Statistical Association Causation
Lastly, in applying welfare use as an explanatory variable, the Heritage Foundation report authors essentially claim that a program created to alleviate poverty is in fact causing poverty. One of the basic tenets of social science research is that association does not equal causation. If it did, the research community would be inundated with similarly dubious declarations claiming, for example, that Social Security causes retirement or that unemployment insurance causes unemployment. If the authors were truly concerned with determining predictors of poverty, a more thorough approach would have been to incorporate more variables from NLSY into their statistical analysis.
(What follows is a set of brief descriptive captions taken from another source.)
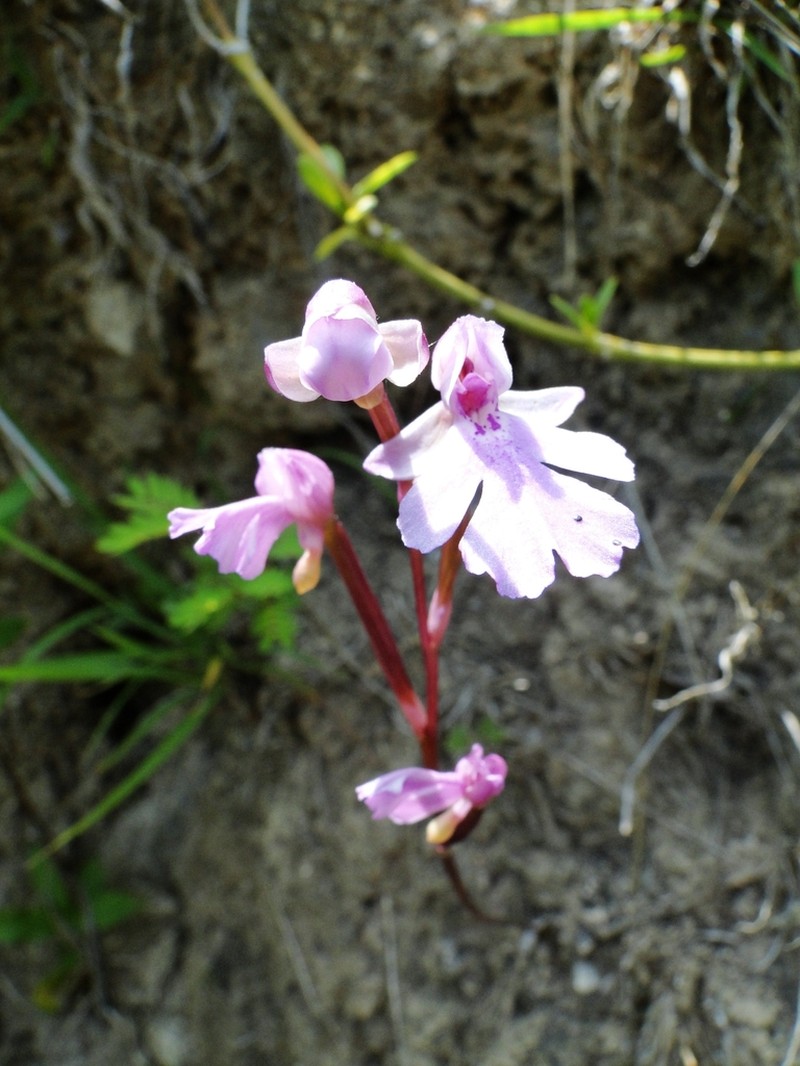 Cynorkis boinana photo 2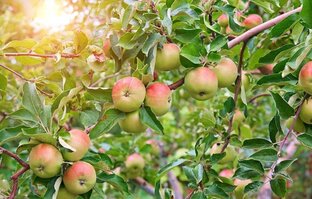 Разборы сказок и былин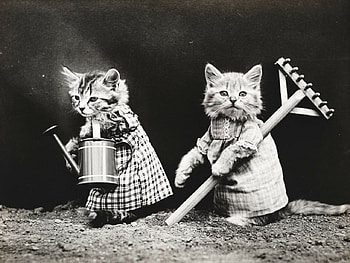 Kitties for Weir! :D, cats, two, nature, animals HD wallpaper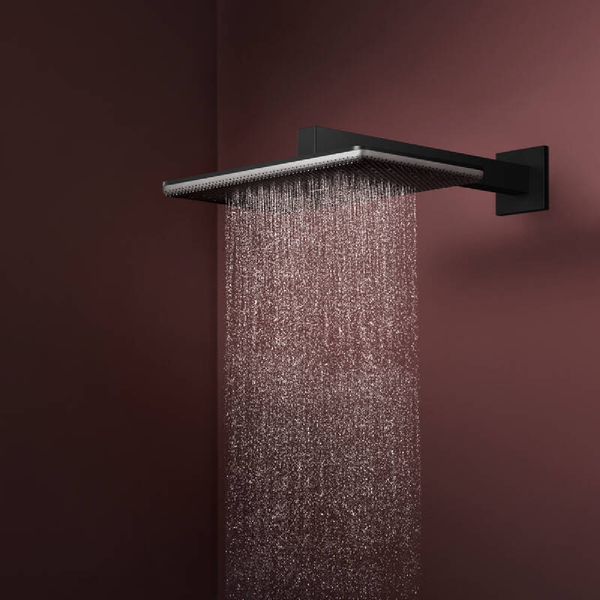Лейка верхнього душу з кронштейном, 2 режими HANSGROHE RAINDANCE ALIVE 24550670, чорний матовий 100486 фото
In short, the Heritage Foundation study lacks insight into the race- and gender-specific dynamics that affect women’s ability to move out of poverty. Rather than promoting policies that increase women’s earnings, the authors advocate shifting women’s dependency from one entity to another. The study also fails to address the systemic devaluation of mothering that has been integrated into policies targeting poor women. The emphasis the authors place on eradicating single motherhood and welfare dependency disregards the complexities of how people become poor and stay poor and the choices they make between raising children and working full-time without reliable child care; staying in physically or emotionally harmful marriages; and working in low-wage jobs with no employee benefits. Acknowledging these complexities would allow for a more profound understanding of poverty and serve as a better tool in formulating policies and programs that will make a difference in the lives of today’s poor women and children.